**TASK STATEMENT:**
Starting at the first line of the material below, retype each line exactly until you reach the line with "DIY Hymn Ornaments", which is also included; pictures stay out.

**DATA FOR THIS EXERCISE:**
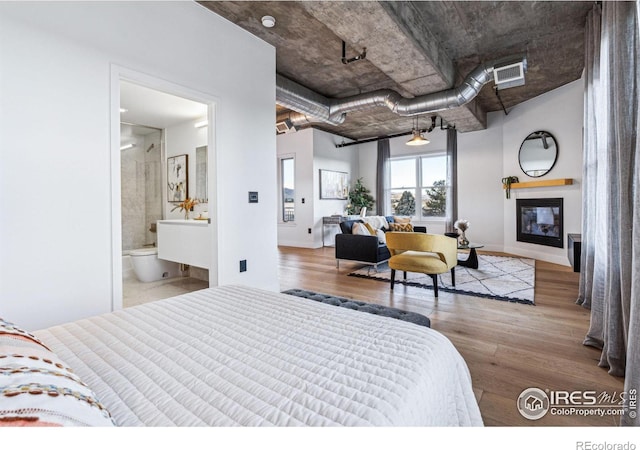 bedroom featuring light wood-style floors, a glass covered fireplace, visible vents, and baseboards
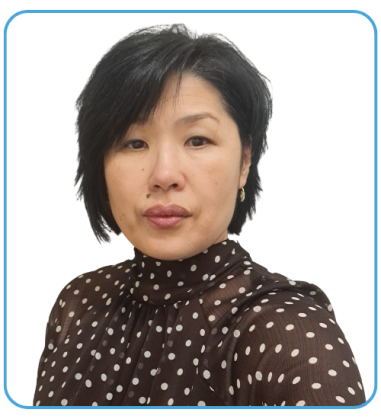 A woman with short black hair wearing a brown polka dot blouse is facing the camera against a solid black background.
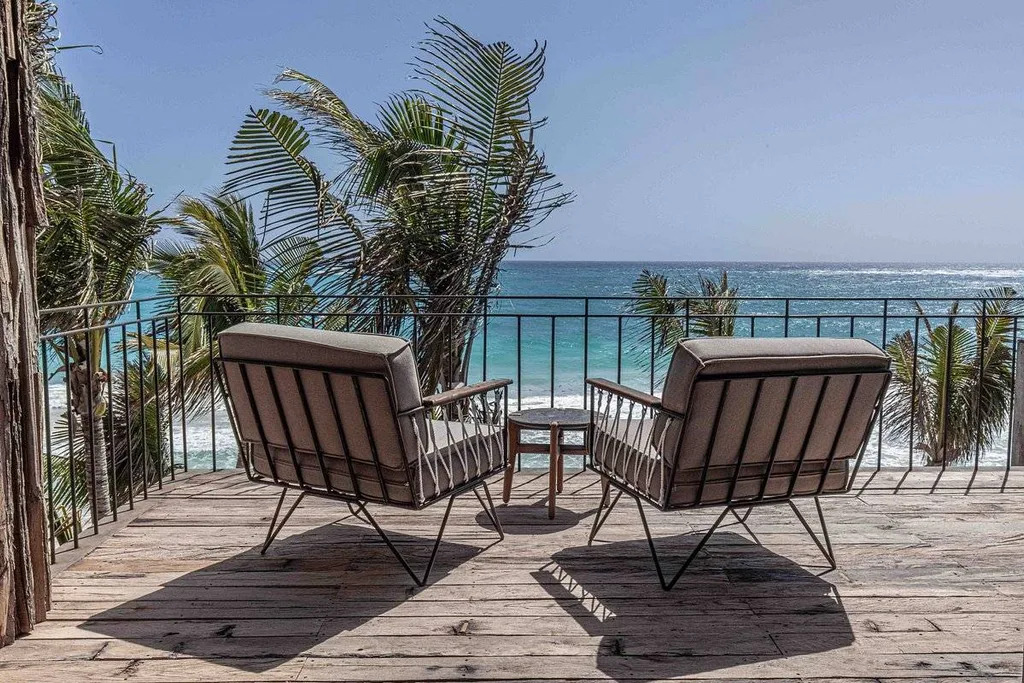 two chairs on patio looking at ocean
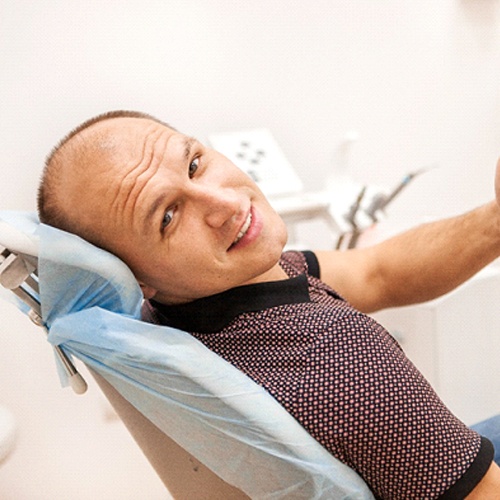 Man giving thumbs up for All-On-4 implant dentures in Jacksonville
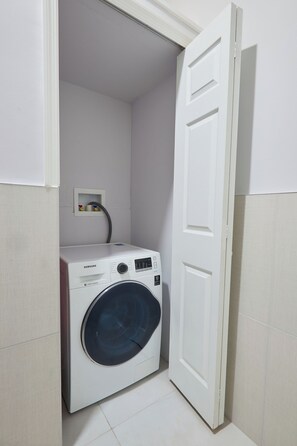 A compact laundry room with a front-loading washing machine, a small electrical outlet, and a door leading to another room. - Luxurious 2BR/2BTH APT in New Kingston (Kingston)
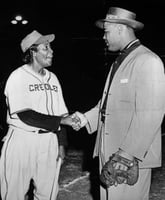 Black and white photograph of Toni Stone meeting her idol, boxer Joe Louis, c.1949.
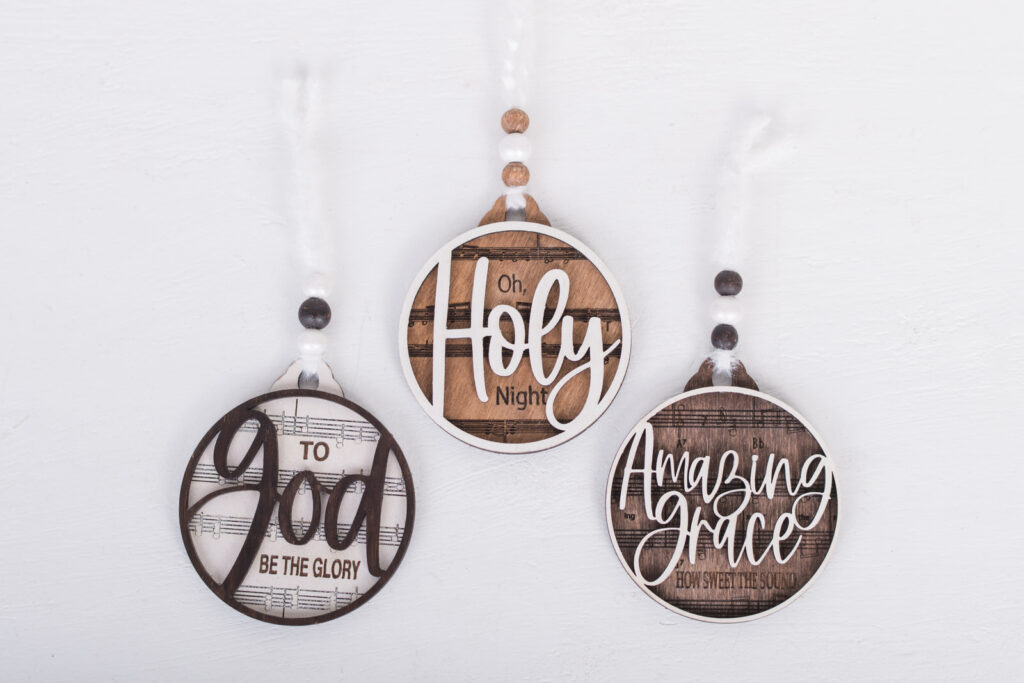 DIY Hymn Ornaments featuring ‘To God Be the Glory,’ ‘Oh Holy Night,’ and ‘Amazing Grace’ with layered wood design and sheet music background.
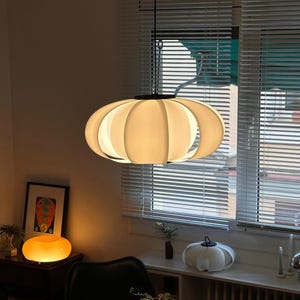 Könnte beinhalten: Eine cremefarbene, oval geformte Pendelleuchte hängt von der Decke. Das Licht hat ein segmentiertes Design mit einem dunklen, kreisförmigen Sockel. Der Raum verfügt außerdem über eine kleine Tischlampe, ein gerahmtes Kunstwerk und ein Fenster mit Jalousien.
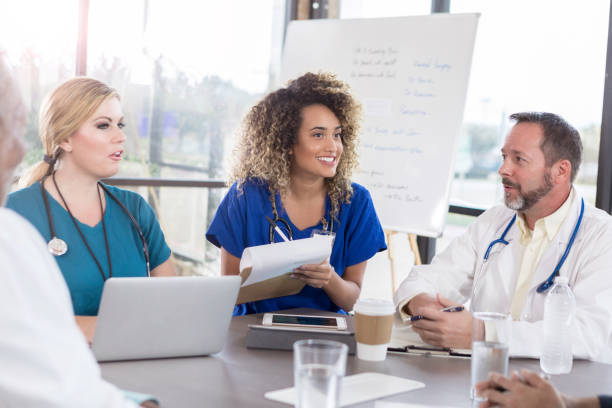 istock Cheerful doctor takes notes during staff meeting 1073771272
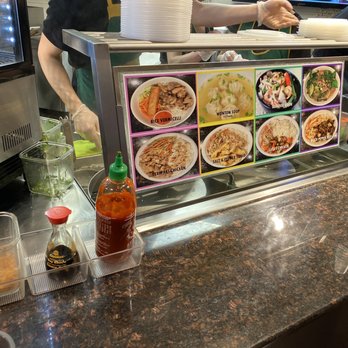 Omi Japanese Food - a man preparing food - Japanese Near Me - Calgary, Alberta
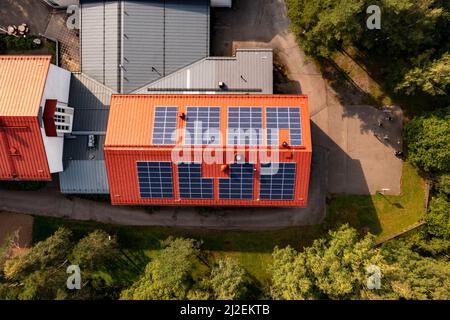 Vue aérienne au-dessus des panneaux solaires sur un toit de bâtiment rouge - de haut en bas, tir de drone Banque D'Images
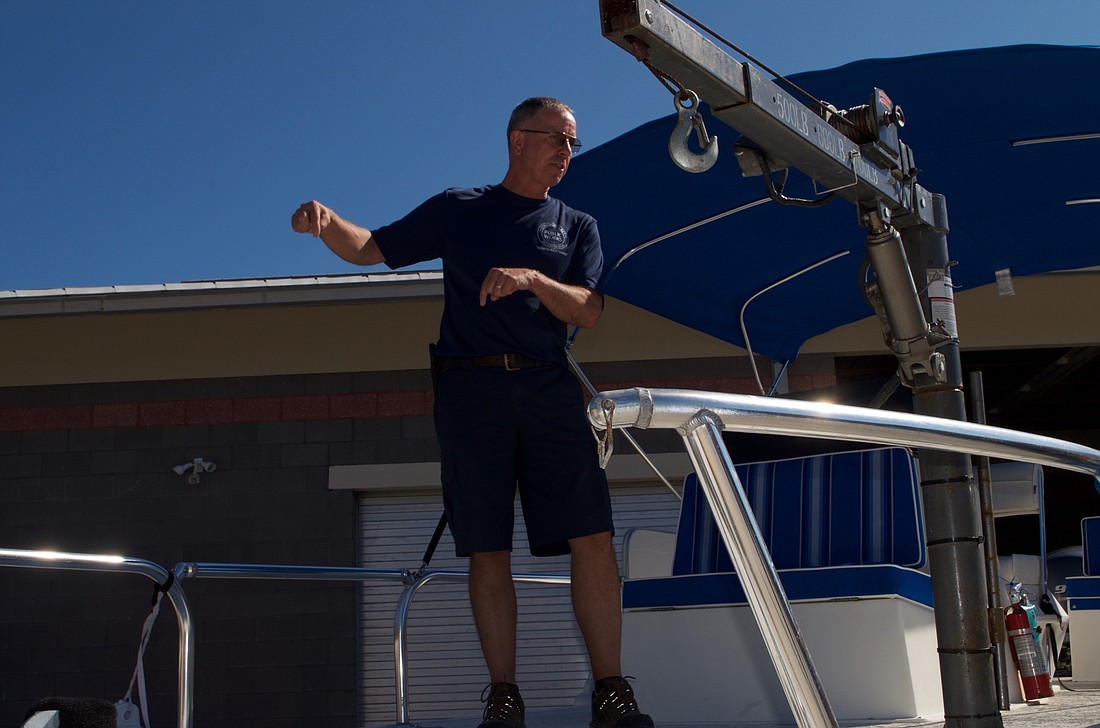 Mark Kerr of Public Works explains how department&#39;s boat is used.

**RESULT FOR THIS EXERCISE:**
 bedroom featuring light wood-style floors, a glass covered fireplace, visible vents, and baseboards
 A woman with short black hair wearing a brown polka dot blouse is facing the camera against a solid black background.
 two chairs on patio looking at ocean
 Man giving thumbs up for All-On-4 implant dentures in Jacksonville
 A compact laundry room with a front-loading washing machine, a small electrical outlet, and a door leading to another room. - Luxurious 2BR/2BTH APT in New Kingston (Kingston)
 Black and white photograph of Toni Stone meeting her idol, boxer Joe Louis, c.1949.
 DIY Hymn Ornaments featuring ‘To God Be the Glory,’ ‘Oh Holy Night,’ and ‘Amazing Grace’ with layered wood design and sheet music background.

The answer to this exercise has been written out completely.